US President Donald Trump and Chinese President Xi Jinping. Yonhap US President Donald Trump and Chinese President Xi Jinping. Yonhap

Faced with North Korea’s ever-growing nuclear and missile threat, South Korea, the US and Japan have incrementally increased trilateral defense cooperation, particularly over how to respond to the North’s possible ballistic missile launches.

Since July last year, the three countries have held a missile warning drill every few months. The exercise has largely focused on having warships detect and track incoming missiles via radar in computer-simulated scenarios.

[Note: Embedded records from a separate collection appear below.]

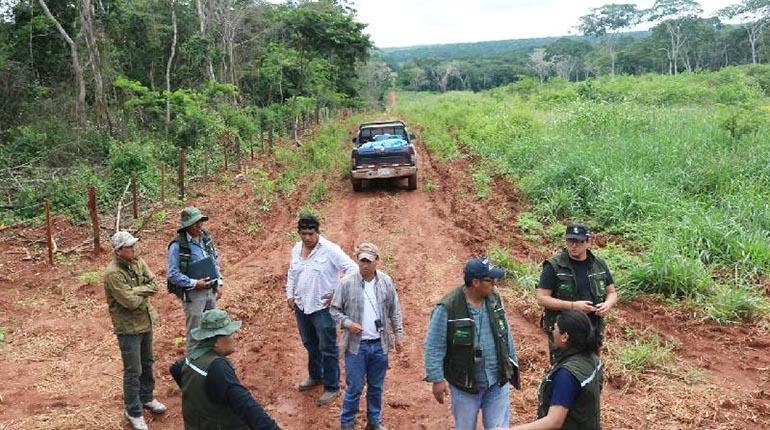 Dotación de tierras fiscales por el INRA en Santa Cruz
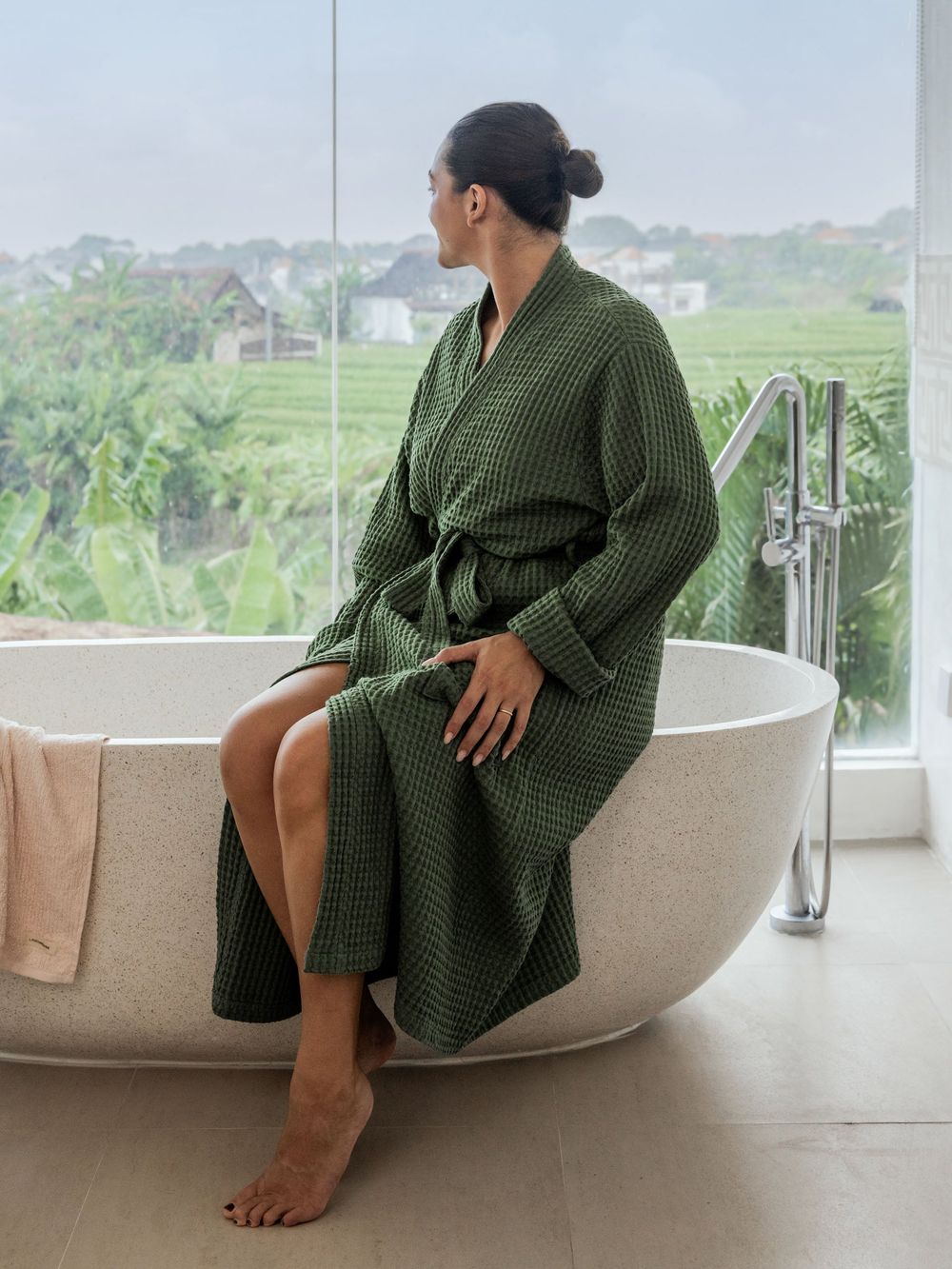 Linen House Keaton Robe (Evergreen) by Linen House - ISBN: 9317146573710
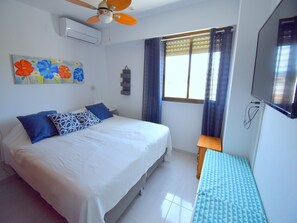 1 chambre, fer et planche à repasser, accès au Wi-Fi (inclus)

But there has been an obstacle for improving ties: historical strains dating back to Imperial Japan’s occupation of the Korean Peninsula between 1910 and 1945. South Korea believes Japan has yet to fully atone for its colonial atrocities and worries about its military expansion.

“If Japan uses a nuclear-armed North Korea as an excuse for its military expansion, it would not be appropriate for ASEAN nations as well,” Moon told Channel NewsAsia, referring to the Association of Southeast Asian Nations, whose members also suffered under Imperial Japan.

Moon’s remark appeared to coincide with South Korea’s latest efforts to strike a diplomatic balance between the US and China.

Seoul and Beijing recently mended ties soured by the former’s decision to deploy the US Terminal High Altitude Area Defense anti-missile system, which China claimed is a threat to its own national defense. 

A written agreement on the reinstatement of the bilateral relations last week states that China has “conveyed its positions and concerns” over the issues of the THAAD, a broader US-led global missile defense network and the tripartite military cooperation among the US, Korea and Japan.

It also says that South Korea, in return, has “reiterated its official positions” to China.

The statement raised speculation that Seoul might have made a secret pledge to China on the three issues, because just a day before the deal was announced, Foreign Minister Kang Kyung-hwa told the parliament that the country was not seeking to develop the current defense cooperation with the US and Japan into a military alliance, will not introduce additional THAAD batteries and will not join the US MD network.

Cheong Wa Dae denied the speculation and asserted nothing that could restrict sovereign issues was discussed during the negotiations, but the Trump administration seems to have taken notice of the notion.  

“I don’t think that South Korea would give up its sovereignty in those three areas,” US national security adviser H.R. McMaster told South Korean daily Hankyoreh on Saturday.

The Trump administration has pursued its Asia policy based on the concept of a “free and open Indo-Pacific” region. Having originated with Japanese Prime Minister Abe, the idea calls for the US to bond with Japan and other maritime democracies -- including Australia and India -- to contain a rising China.

At the first Korea-US summit in June, Moon and Trump reaffirmed their commitment to enhance US-Korea-Japan trilateral cooperation. The two leaders also agreed that trilateral security and defense cooperation contributes to enhanced deterrence and defense against North Korea.